━━━━━ Recorded data ━━━━━
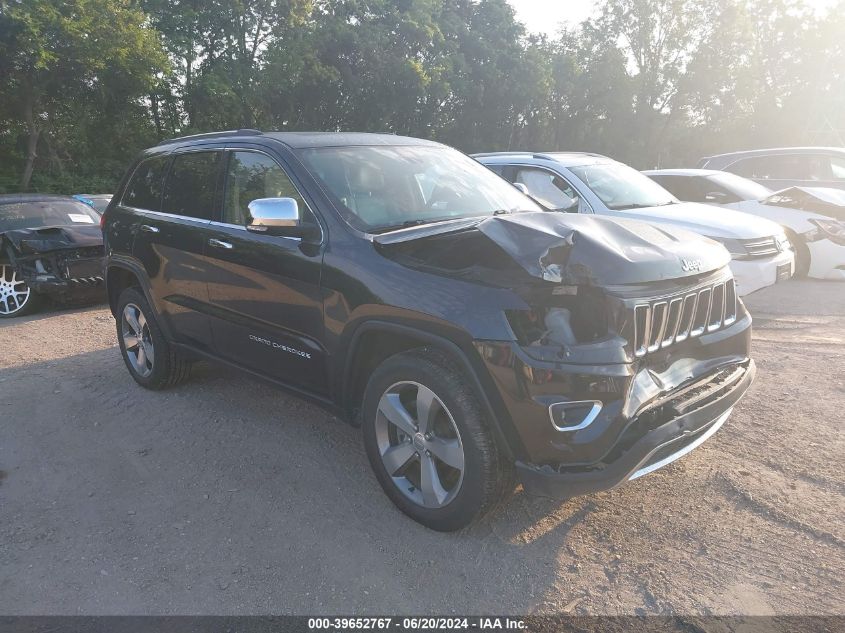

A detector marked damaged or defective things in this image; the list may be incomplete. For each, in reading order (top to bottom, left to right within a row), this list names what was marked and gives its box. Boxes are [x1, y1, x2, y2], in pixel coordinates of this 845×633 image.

crumpled hood [0, 222, 103, 252]
front-end collision damage [0, 223, 106, 302]
crumpled hood [464, 212, 728, 284]
crumpled hood [612, 202, 784, 239]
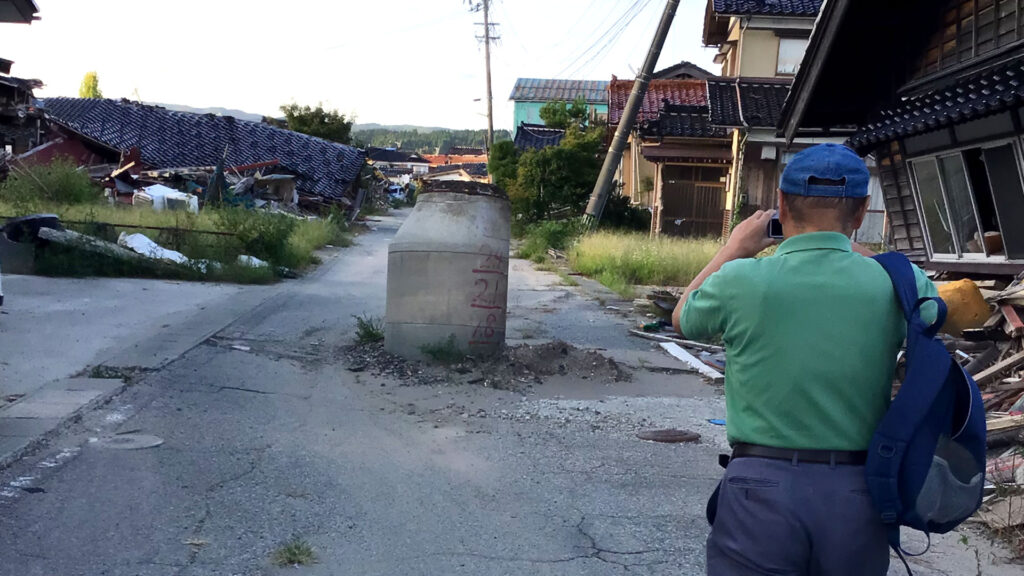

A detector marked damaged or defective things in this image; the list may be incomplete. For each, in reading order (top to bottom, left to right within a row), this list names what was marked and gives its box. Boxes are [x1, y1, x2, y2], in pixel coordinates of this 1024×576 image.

cracked pavement [0, 212, 1015, 573]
━━━━━
What is expected: The answer consists of the records repeated exactly, without any images.

Exercise result:
A detector marked damaged or defective things in this image; the list may be incomplete. For each, in reading order (top to bottom, left to right within a row), this list names what was marked and gives its box. Boxes are [x1, y1, x2, y2], in pixel coordinates of this 845×633 image.

crumpled hood [0, 222, 103, 252]
front-end collision damage [0, 223, 106, 302]
crumpled hood [464, 212, 728, 284]
crumpled hood [612, 202, 784, 239]

A detector marked damaged or defective things in this image; the list may be incomplete. For each, in reading order (top to bottom, left to right within a row), this list names what was marked and gives its box. Boxes are [x1, y1, x2, y2], in pixel coordinates of this 1024×576 image.

cracked pavement [0, 212, 1015, 573]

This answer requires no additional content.